» **About this task**:
Exclude the pictures and transcribe the rest of the data below exactly.
### Data extracts
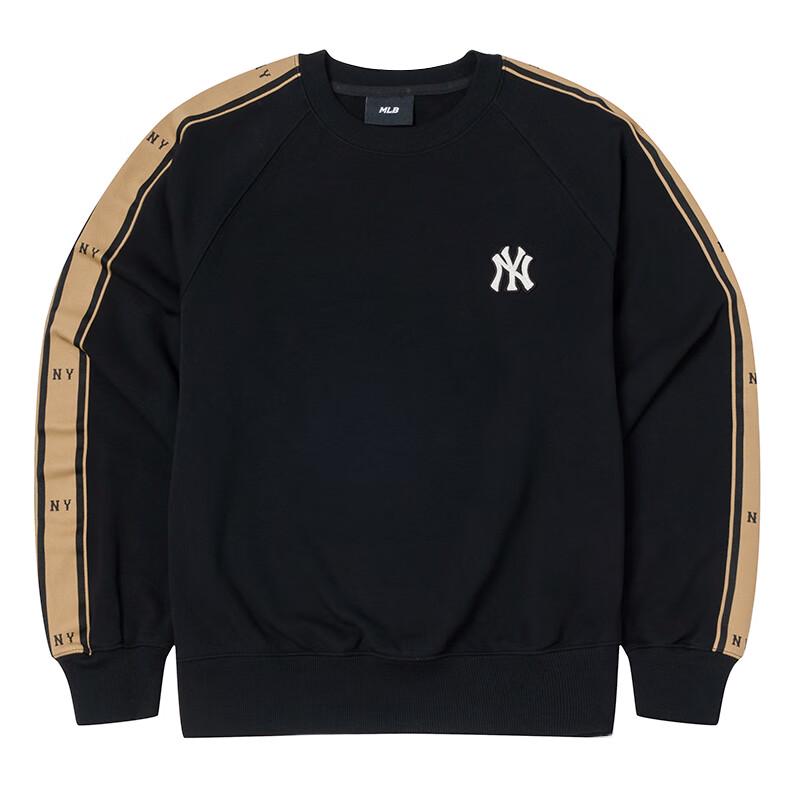 MLB Unisex Casual Sweatshirt
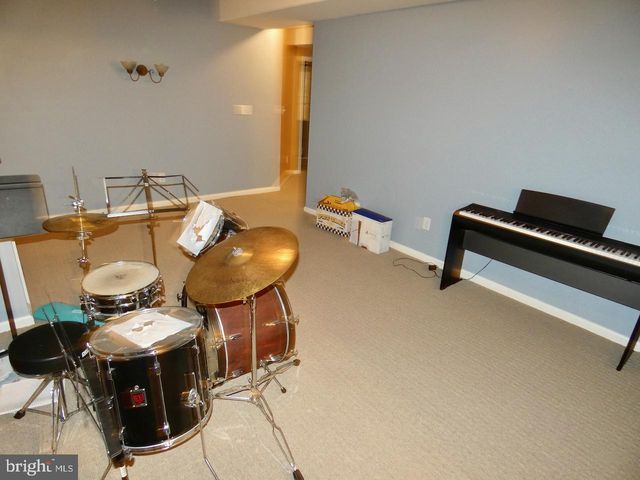 20 W KILTS LN, Middletown, DE 19709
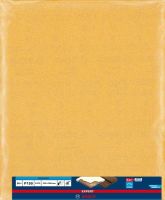 C470 Schleifpapier 2608900962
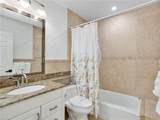 84 Gulfport Ct - Photo 18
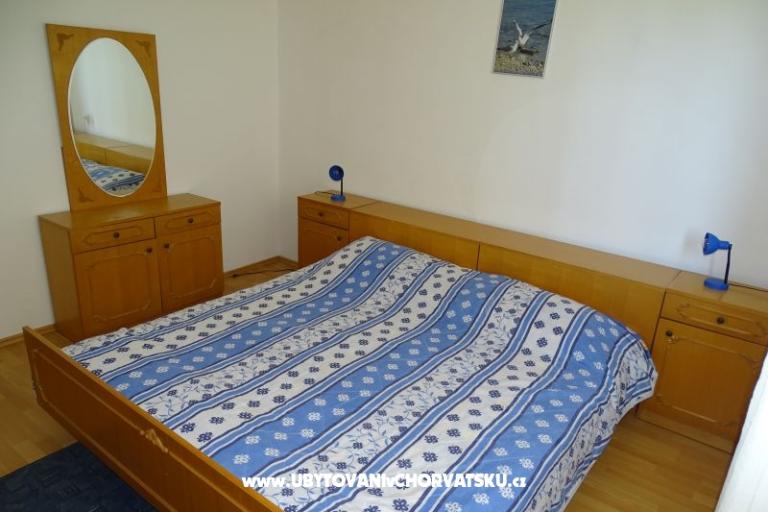Apartman Čveljo – foto 8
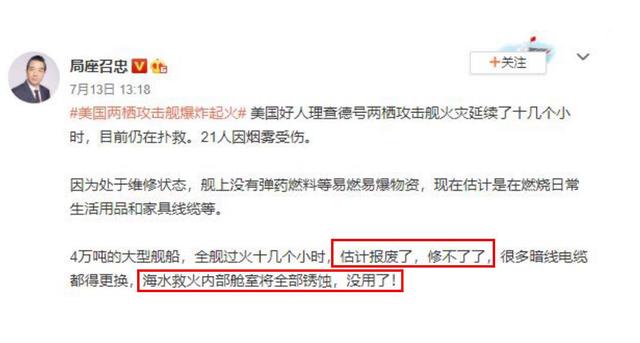 ���ȼ��24Сʱ�������������еþ��𣿾�����ֱ�ӱ��ϣ��޲���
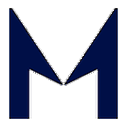 Mercer logo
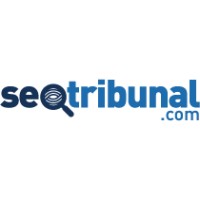 SEO Tribunal logo - Similar company to Astriden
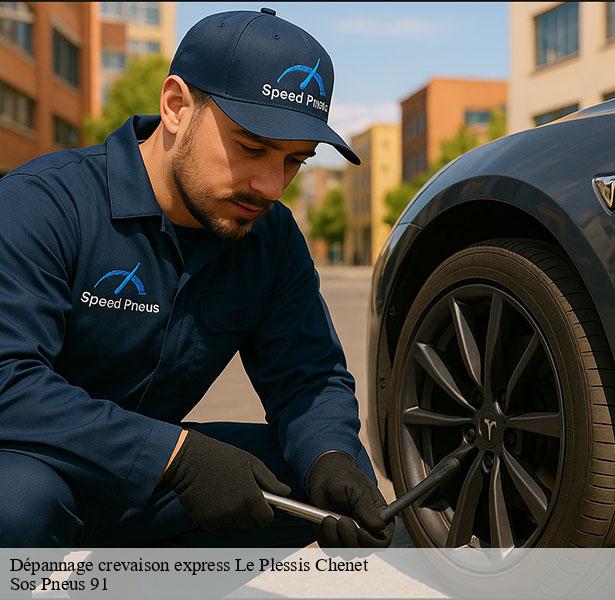 service-de-depannage-crevaison-express-le-plessis-chenet-91830-7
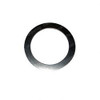 8761646: Aftermarket Allis Chalmers/Tusk Shim 8761646: Aftermarket Allis Chalmers/Tusk Shim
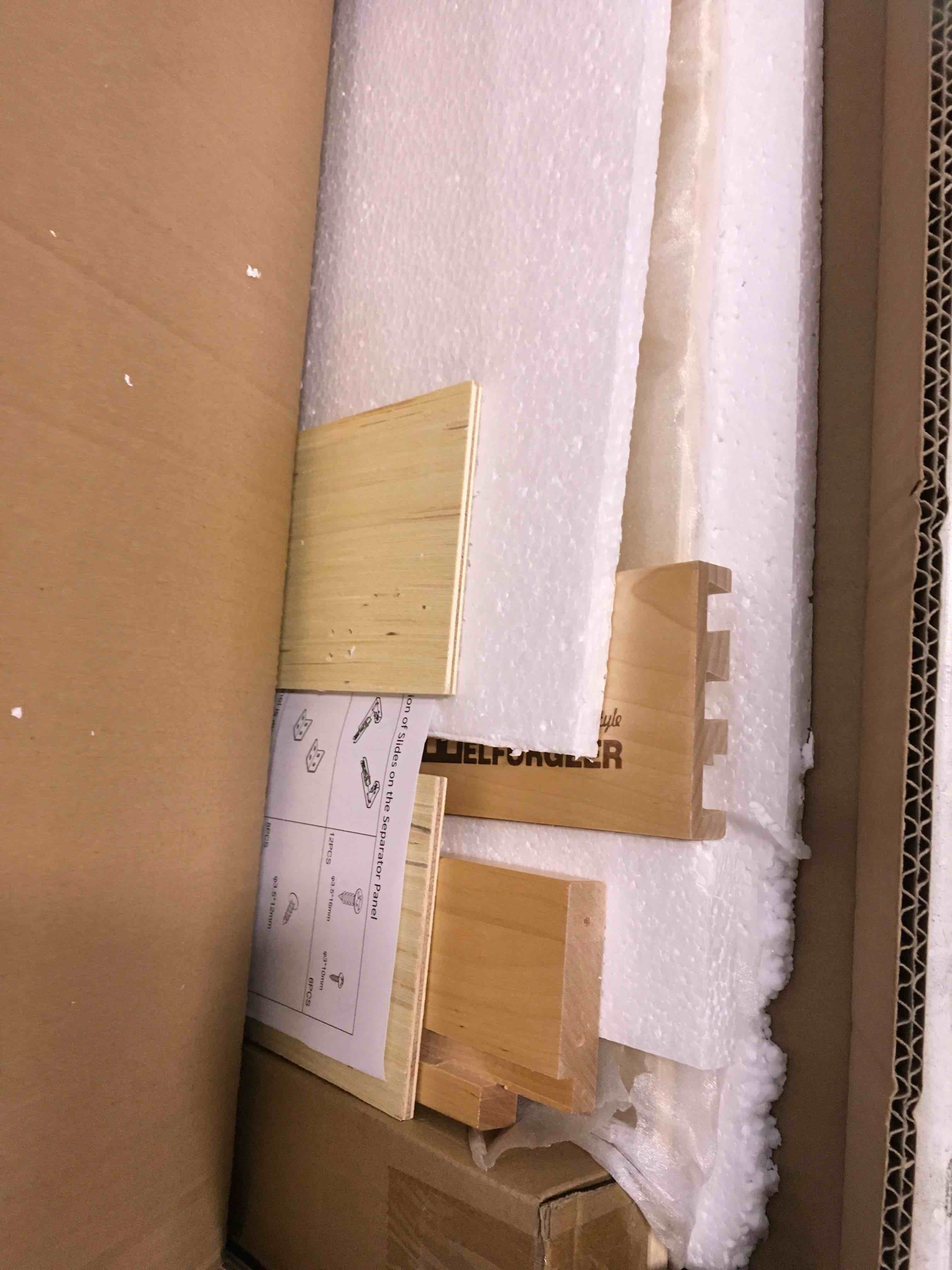 https://s3.amazonaws.com/lotting-images-prod/bidfta/BLU5748171_1706628742322.jpeg
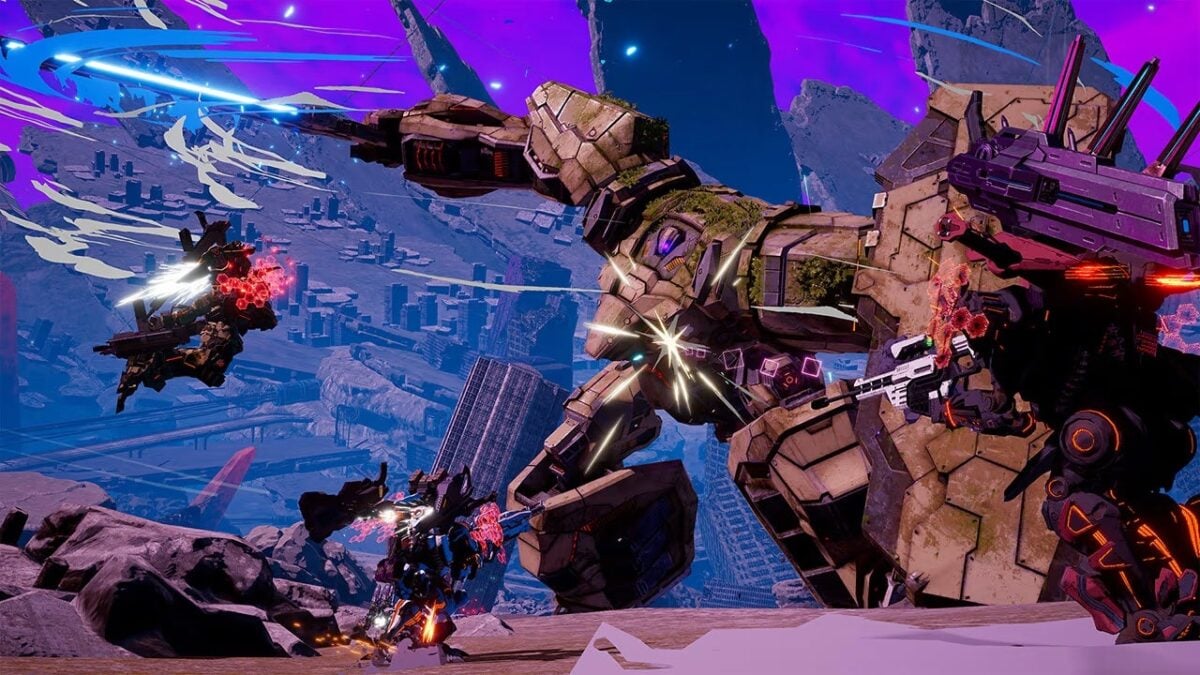kotaku.com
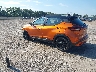 3N1CP5DV1ML****** Salvage and Repairable 2021 Nissan Kicks in Akron Canton
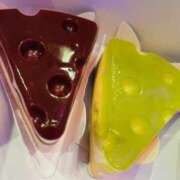 ヒメ日記 2025/05/11 19:07 投稿 桜井 あなたに逢いたくて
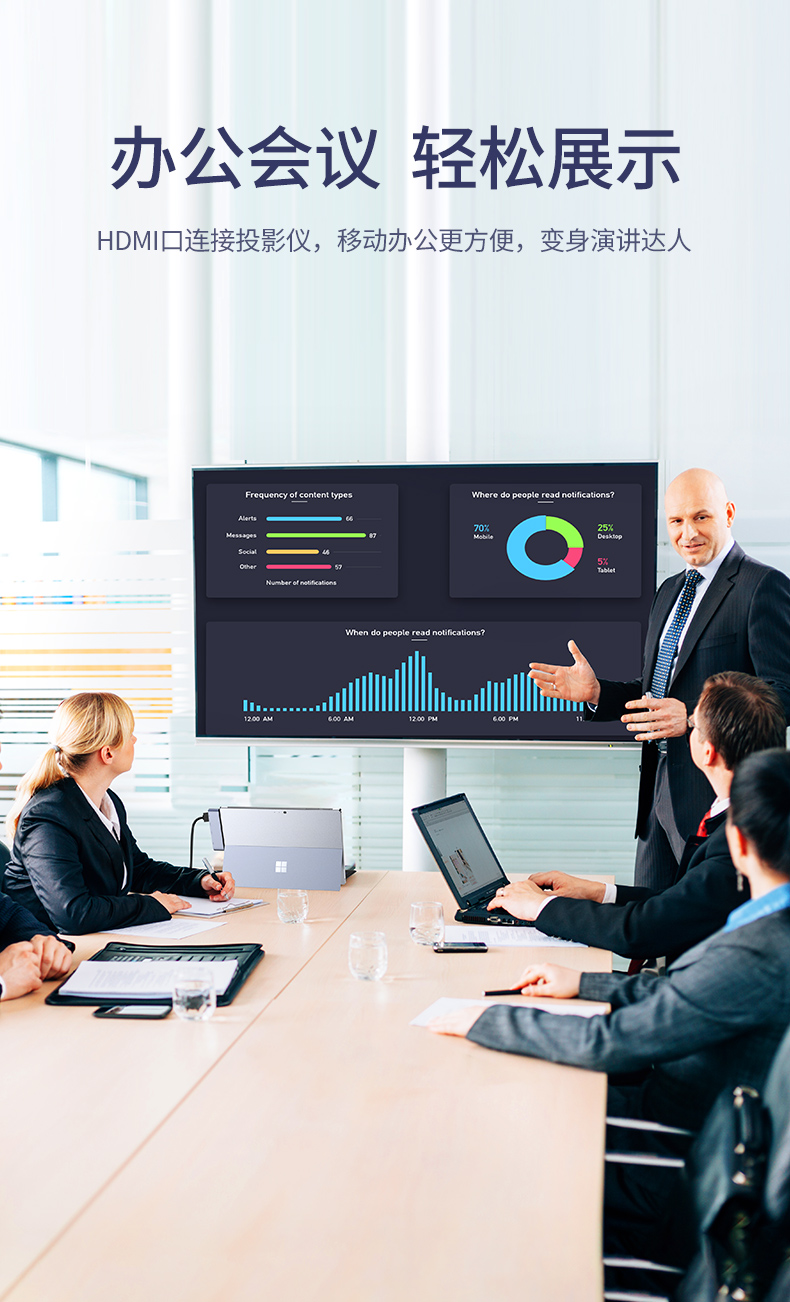 意昂2Surface Pro4/5/6扩展坞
######
» **Written response**:
 MLB Unisex Casual Sweatshirt
 20 W KILTS LN, Middletown, DE 19709
 C470 Schleifpapier 2608900962
 84 Gulfport Ct - Photo 18
Apartman Čveljo – foto 8
 ���ȼ��24Сʱ�������������еþ��𣿾�����ֱ�ӱ��ϣ��޲���
 Mercer logo
 SEO Tribunal logo - Similar company to Astriden
 service-de-depannage-crevaison-express-le-plessis-chenet-91830-7
 8761646: Aftermarket Allis Chalmers/Tusk Shim 8761646: Aftermarket Allis Chalmers/Tusk Shim
 https://s3.amazonaws.com/lotting-images-prod/bidfta/BLU5748171_1706628742322.jpeg
kotaku.com
 3N1CP5DV1ML****** Salvage and Repairable 2021 Nissan Kicks in Akron Canton
 ヒメ日記 2025/05/11 19:07 投稿 桜井 あなたに逢いたくて
 意昂2Surface Pro4/5/6扩展坞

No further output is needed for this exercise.